**Work instructions**
The following entries are to be repeated exactly, and the pictures are to be left behind.

**Data to use**

+++

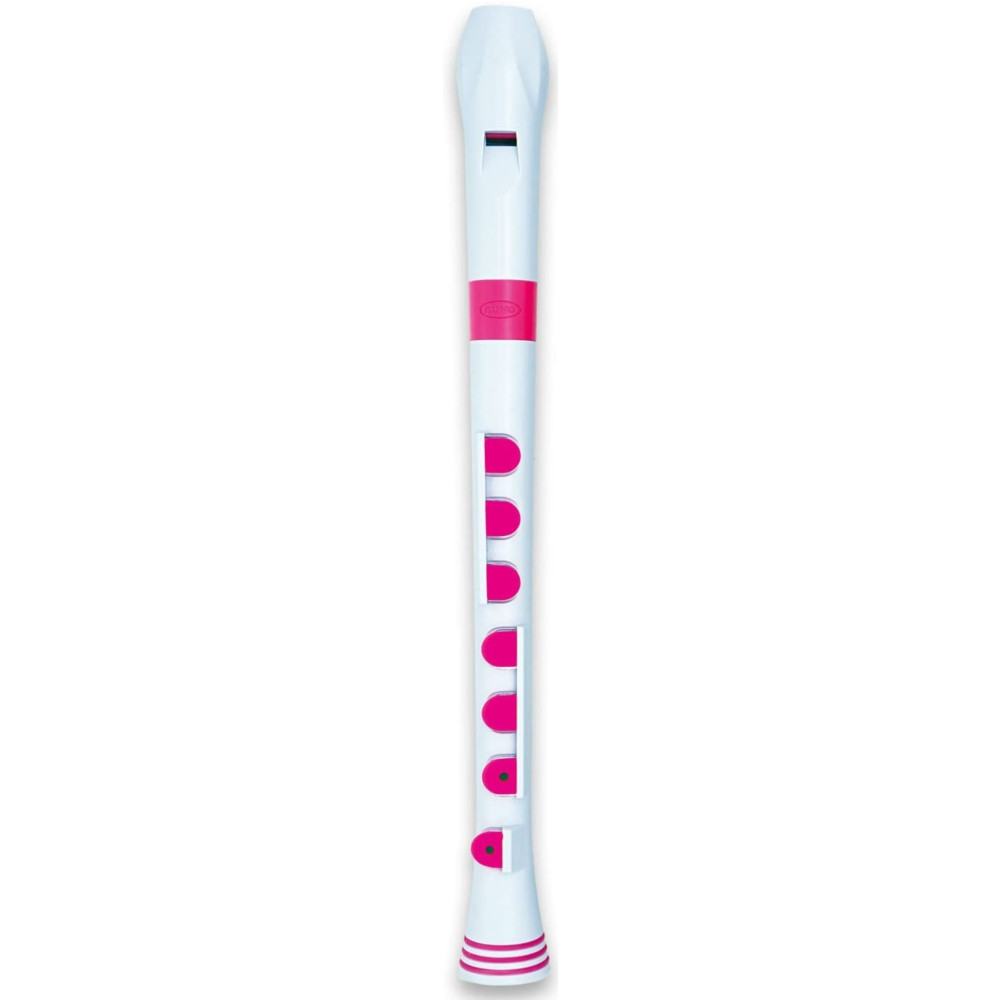 Flauta Nuvo Recorder+ Digitación Alemana N-320RDBWPKG Blanca/Rosa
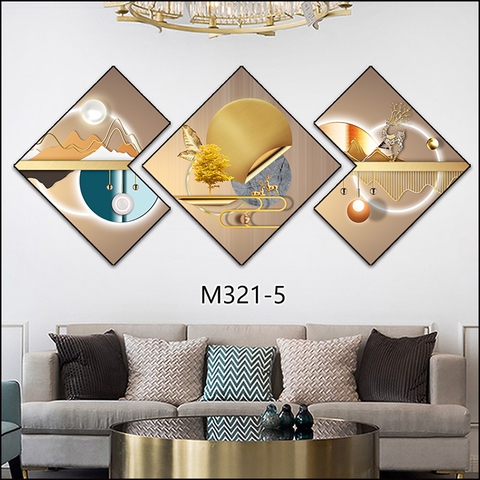 Bộ 3 Tranh Thoi Khuyết | Tranh Ngọc Việt - Đắk Lắk | Tranh Ngọc Việt - Xưởng Tranh Đẹp Buôn Ma Thuột (BMT) DakLak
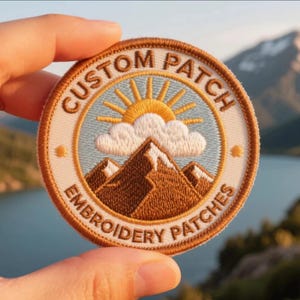 Custom Embroidered Patches – Personalized Logo, Text, Image – Clothing, Backpacks, Bags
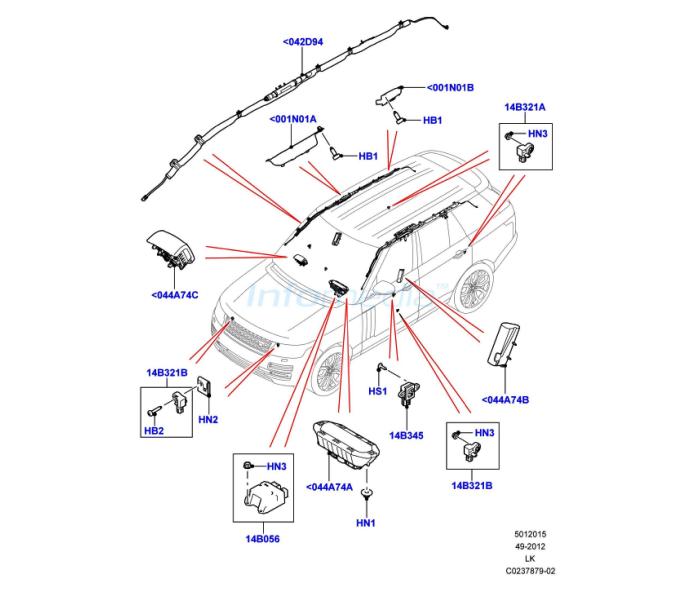 Αερόσακοι Range Rover Voque Model 2013-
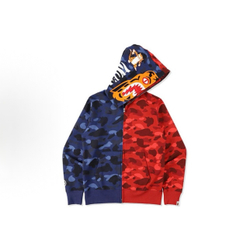 Зип Худи A Bathing Ape Bape Split Camo Shark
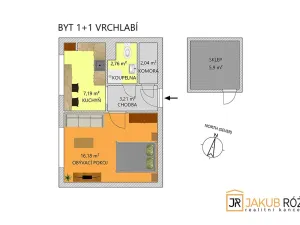 Prodej bytu 1+1, Vrchlabí, Východní, 31 m2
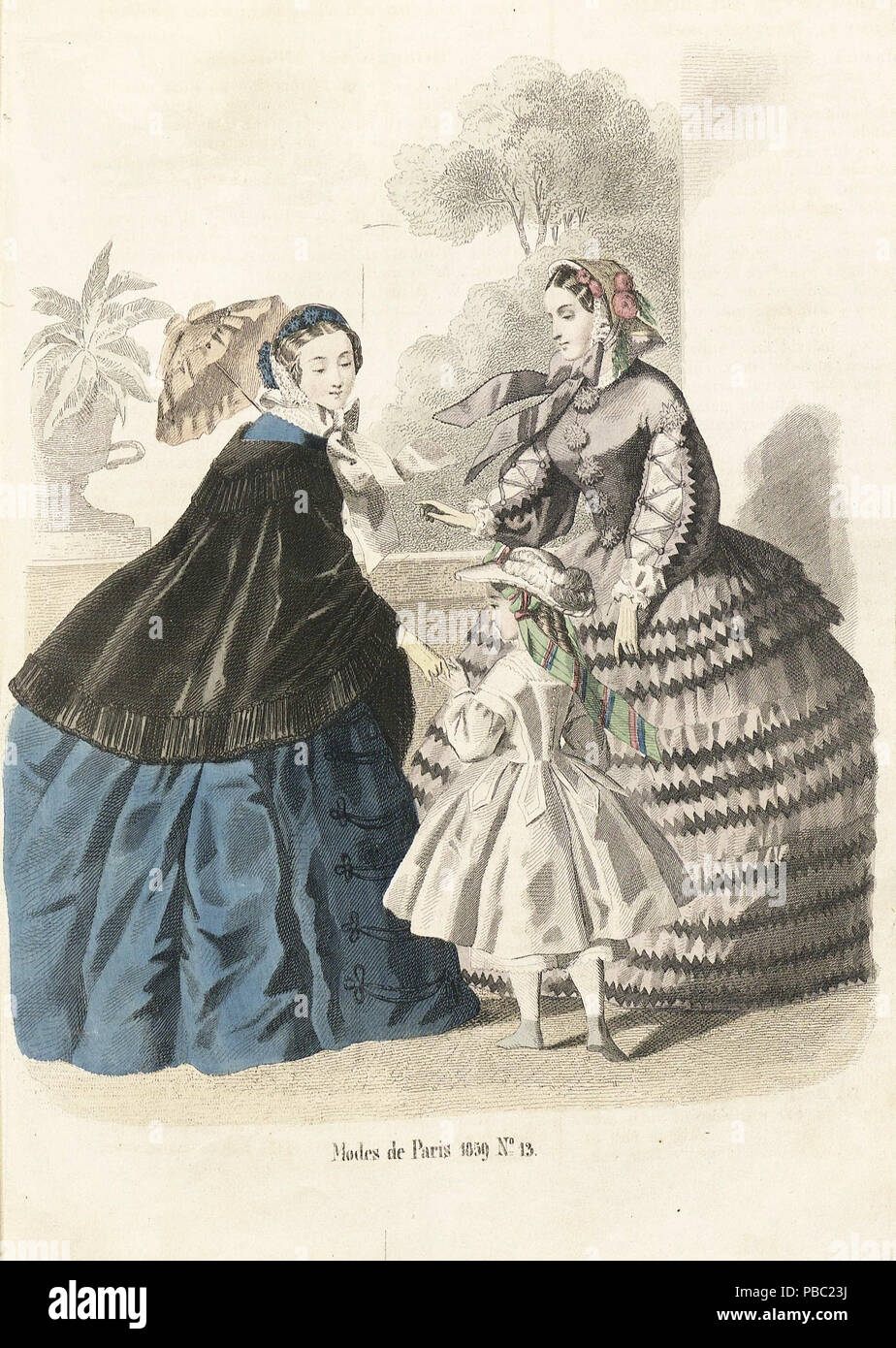 Penelope 1180- journal Nyaste för damer 1859, illustration n°13 Banque D'Images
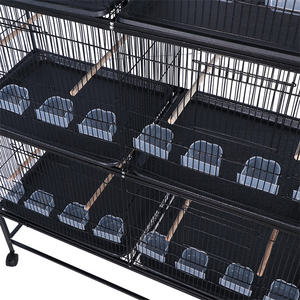 Offerta Speciale Gabbia Robusta Economica e Conveniente per Pappagalli di Grandi Dimensioni Voliere in Metallo Altre Gabbie e Casette per Animali Domestici - Product Image 4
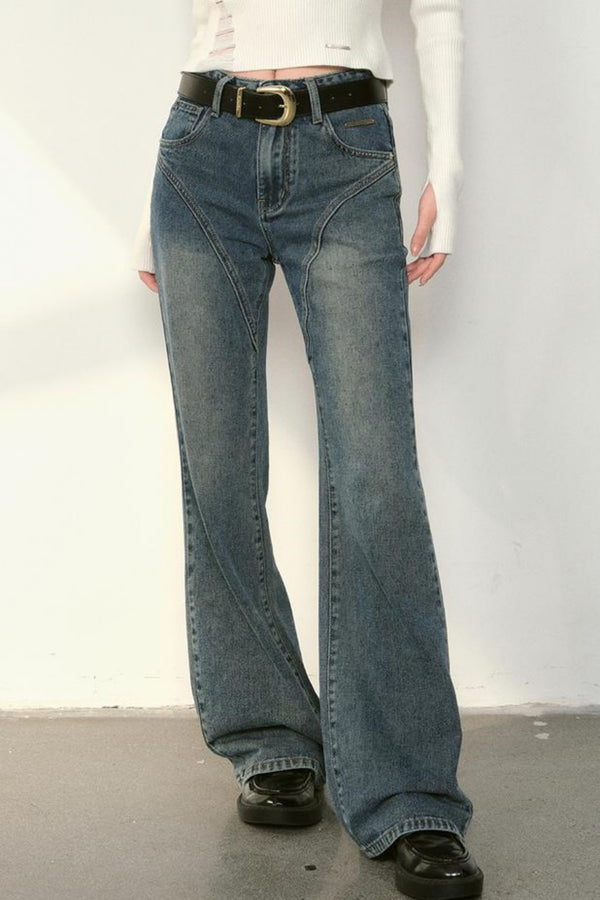Vintage Split Denim Pants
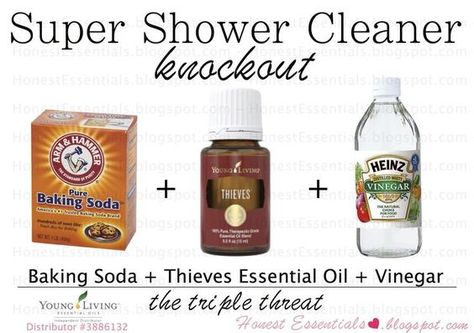 Honest Essentials: Super Shower Cleaner All Natural! All Natural Cleaner Thieves Essential Oil. Young Living. Young Living Distributor #3886132. Mommy Blogger. Mom of three kids All Natural Cleaner, Essential Oil Cleaner, Young Living Oils Recipes, Living Oils Recipes, Natural Cleaner, All Natural Cleaners, Thieves Cleaner, Essential Oils For Colds, Thieves Essential Oil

+++

**Response for this exercise**
 Flauta Nuvo Recorder+ Digitación Alemana N-320RDBWPKG Blanca/Rosa
 Bộ 3 Tranh Thoi Khuyết | Tranh Ngọc Việt - Đắk Lắk | Tranh Ngọc Việt - Xưởng Tranh Đẹp Buôn Ma Thuột (BMT) DakLak
 Custom Embroidered Patches – Personalized Logo, Text, Image – Clothing, Backpacks, Bags
 Αερόσακοι Range Rover Voque Model 2013-
 Зип Худи A Bathing Ape Bape Split Camo Shark
 Prodej bytu 1+1, Vrchlabí, Východní, 31 m2
 Penelope 1180- journal Nyaste för damer 1859, illustration n°13 Banque D'Images
 Offerta Speciale Gabbia Robusta Economica e Conveniente per Pappagalli di Grandi Dimensioni Voliere in Metallo Altre Gabbie e Casette per Animali Domestici - Product Image 4
Vintage Split Denim Pants
 Honest Essentials: Super Shower Cleaner All Natural! All Natural Cleaner Thieves Essential Oil. Young Living. Young Living Distributor #3886132. Mommy Blogger. Mom of three kids All Natural Cleaner, Essential Oil Cleaner, Young Living Oils Recipes, Living Oils Recipes, Natural Cleaner, All Natural Cleaners, Thieves Cleaner, Essential Oils For Colds, Thieves Essential Oil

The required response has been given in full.